Sylvestre was educated at Camden School for Girls and also attended the Italia Conti Academy of Theatre Arts. In 1964 she released a single, "To Know Him Is to Love Him", under the name "Cleo", produced by Andrew Loog Oldham and backed by The Rolling Stones. After Brian Jones left the Rolling Stones in 1969, she agreed to rehearse with his new band but abandoned music to concentrate on her theatre and television work.

Her West End debut was at Wyndham's Theatre in Wise Child (1967) by Simon Gray, in which she starred alongside Sir Alec Guinness and was nominated most promising new actress. She was the first black actress in a leading role at the National Theatre in The National Health (1969) by Peter Nichols. She did several seasons with the Young Vic Company, including Molière's Les Fourberies de Scapin on Broadway and a tour of Mexico. She subsequently worked in many regional theatres, including the Theatre Royal, Lincoln, the Theatre Royal, Brighton, the Theatre Royal, York, the Derby Playhouse and the Belgrade Theatre, Coventry. She played Phaedre at the Edinburgh Fringe in 2007 and Rosa Parks, Josephine Baker and Wangari Maathai in Alison Mead's A Century of Women at Leicester Square Theatre (2011). She appeared with Antony Sher in his play ID (2003) at the Almeida Theatre, toured with English Touring Theatre in Far from the Madding Crowd (2008) and with Northern Broadsides in its 2010 production of Medea. She also appeared with Michael Sheen in Under Milk Wood (2021) at the Royal National Theatre. Children's theatre work includes seasons at the Unicorn Theatre and the London Bubble Theatre Company.
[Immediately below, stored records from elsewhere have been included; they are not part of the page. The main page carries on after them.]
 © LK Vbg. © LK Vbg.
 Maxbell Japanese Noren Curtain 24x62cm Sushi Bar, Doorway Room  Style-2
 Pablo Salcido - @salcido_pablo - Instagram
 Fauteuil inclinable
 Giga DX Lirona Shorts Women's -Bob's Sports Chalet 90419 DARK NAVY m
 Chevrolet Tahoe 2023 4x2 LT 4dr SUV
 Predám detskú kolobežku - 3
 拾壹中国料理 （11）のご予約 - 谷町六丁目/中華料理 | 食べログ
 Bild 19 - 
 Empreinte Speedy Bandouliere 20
Her television appearances include: Ken Loach's Up the Junction (1965), Doctor Who (1965), Cathy Come Home (1966) and Poor Cow (1967), as well as appearances in the original Till Death Us Do Part, Z-Cars, Callan, Doctors, New Tricks, The Armando Iannucci Shows, Chambers, The Bill, Who Do You Do and A Bird in the Hand, a Tube Tales episode directed by Jude Law. After a brief appearance as a factory worker in soap opera Coronation Street in 1966, she became the first ever regular black British female character on British TV, in the original series of Crossroads, playing Meg Richardson's adopted daughter Melanie from 1970 to 1972. She was also a regular in Grange Hill, Happy Families and presented Play School and Merry-Go-Round. In 2020 she played Anne Chapman in All Creatures Great and Small, a role she returned to in 2023.

Her film credits include Till Death Us Do Part (1969), The Smashing Bird I Used to Know (1969), Trog (1970), My Lover My Son (1970), The Alf Garnett Saga (1972), Sammy and Rosie Get Laid (1987), The Love Child (1988), The Punk and the Princess (2003), Kidulthood (2006) and Paddington (2014), and she made several shorts with director Isaac Julien, including The Attendant (1992) and Vagabondia (2000), which was shortlisted for that year's Turner Prize.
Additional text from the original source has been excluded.